The African Population and Health Research Center (APHRC), in partnership with the Kenya Medical Research Institute (KEMRI), carried out a survey to estimate the prevalence and risk factors for HIV in two informal settlements in Nairobi city. The two communities where the project was carried out are informal settlements characterized by poor housing, lack of clean water, poor sanitation, unemployment, poverty, and overcrowding. Viwandani slum is located very close to the city's industrial area and is home to many low-income youths working in the industries close by. Korogocho is a more established slum settlement with a high proportion of men living with their spouses and children. Korogocho residents are predominantly either very low-income earners or unemployed. Additionally, residents of Viwandani are relatively more educated than those of Korogocho.

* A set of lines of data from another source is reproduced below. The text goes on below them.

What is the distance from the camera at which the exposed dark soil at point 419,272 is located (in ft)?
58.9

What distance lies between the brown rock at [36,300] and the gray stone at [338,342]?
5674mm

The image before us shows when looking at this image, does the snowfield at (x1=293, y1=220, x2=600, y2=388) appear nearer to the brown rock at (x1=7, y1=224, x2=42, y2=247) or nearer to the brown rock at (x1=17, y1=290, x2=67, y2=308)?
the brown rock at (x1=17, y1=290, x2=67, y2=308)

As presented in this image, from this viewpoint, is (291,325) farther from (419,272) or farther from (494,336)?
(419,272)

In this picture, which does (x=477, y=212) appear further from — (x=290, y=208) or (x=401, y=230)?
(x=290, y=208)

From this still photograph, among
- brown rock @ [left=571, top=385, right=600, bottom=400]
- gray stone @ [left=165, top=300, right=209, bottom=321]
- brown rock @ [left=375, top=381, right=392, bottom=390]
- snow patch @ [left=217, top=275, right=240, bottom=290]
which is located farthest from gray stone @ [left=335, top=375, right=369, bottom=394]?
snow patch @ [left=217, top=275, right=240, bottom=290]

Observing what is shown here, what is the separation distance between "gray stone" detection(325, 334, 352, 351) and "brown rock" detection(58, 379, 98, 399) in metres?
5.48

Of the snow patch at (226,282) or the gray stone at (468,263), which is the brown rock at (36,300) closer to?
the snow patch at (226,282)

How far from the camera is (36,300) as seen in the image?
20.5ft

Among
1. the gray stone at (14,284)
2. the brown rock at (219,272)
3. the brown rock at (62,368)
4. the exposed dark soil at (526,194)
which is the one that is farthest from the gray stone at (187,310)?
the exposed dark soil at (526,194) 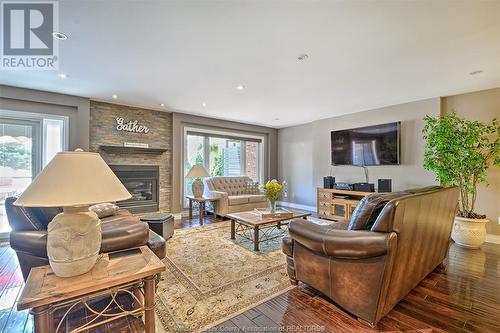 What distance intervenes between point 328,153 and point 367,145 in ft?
3.62

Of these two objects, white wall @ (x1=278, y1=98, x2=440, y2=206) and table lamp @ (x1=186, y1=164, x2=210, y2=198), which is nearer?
white wall @ (x1=278, y1=98, x2=440, y2=206)

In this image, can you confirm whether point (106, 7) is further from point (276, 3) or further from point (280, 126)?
point (280, 126)

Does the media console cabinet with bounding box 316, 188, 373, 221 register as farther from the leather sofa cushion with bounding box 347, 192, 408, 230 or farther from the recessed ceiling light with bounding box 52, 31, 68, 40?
the recessed ceiling light with bounding box 52, 31, 68, 40

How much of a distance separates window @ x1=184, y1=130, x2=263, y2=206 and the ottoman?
7.23 feet

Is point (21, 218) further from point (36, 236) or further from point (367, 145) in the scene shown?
point (367, 145)

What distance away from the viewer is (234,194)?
5.69 m

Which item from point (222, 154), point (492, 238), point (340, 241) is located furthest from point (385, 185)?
point (222, 154)

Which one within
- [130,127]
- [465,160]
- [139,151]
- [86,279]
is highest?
[130,127]

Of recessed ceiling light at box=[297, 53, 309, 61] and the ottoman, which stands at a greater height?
recessed ceiling light at box=[297, 53, 309, 61]

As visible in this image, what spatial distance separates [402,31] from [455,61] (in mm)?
1227

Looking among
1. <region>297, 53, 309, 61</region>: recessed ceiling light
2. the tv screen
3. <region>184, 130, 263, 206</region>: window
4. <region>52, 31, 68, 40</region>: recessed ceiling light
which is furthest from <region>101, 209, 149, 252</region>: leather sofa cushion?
the tv screen

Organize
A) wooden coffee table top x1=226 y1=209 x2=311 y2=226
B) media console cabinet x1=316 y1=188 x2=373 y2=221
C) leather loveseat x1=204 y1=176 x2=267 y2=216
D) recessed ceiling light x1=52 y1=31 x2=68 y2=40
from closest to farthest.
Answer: recessed ceiling light x1=52 y1=31 x2=68 y2=40, wooden coffee table top x1=226 y1=209 x2=311 y2=226, media console cabinet x1=316 y1=188 x2=373 y2=221, leather loveseat x1=204 y1=176 x2=267 y2=216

The survey, like many community-based surveys, faced a challenge of nonresponse, with a sizeable proportion of sampled individuals being nonresponders (43%). The desire to understand the effect of nonresponse on prevalence estimates was the basis for this paper. We hypothesised that the HIV prevalence estimate in the survey was underestimated due to low participation of highly mobile community members. Specifically, this paper aimed to describe selective participation in the serosurvey by sociodemographic characteristics and also to estimate the bias in the estimates of HIV prevalence.
Data used in this paper came from a cross-sectional serosurvey carried out from September 2006 to November 2007. The project was nested in the Nairobi Urban Health and Demographic Surveillance System (NUHDSS) covering about 60,000 individuals in two slums: Korogocho and Viwandani. The NUHDSS database provided the sampling frame from which a random sample of eligible participants was drawn. Eligible individuals had to be residents in the demographic surveillance area, registered with the NUHDSS, and aged between 15 to 54 years for men and 15 to 49 years for females. A total of 5,004 individuals were sampled. However, after the study and with the benefit of extra DSS updates of the residency status of individuals under surveillance, 237 individuals were found to have not been legitimate residents at the time the sample was drawn. These individuals have thus been excluded from the overall sample, leaving a total of 4,767.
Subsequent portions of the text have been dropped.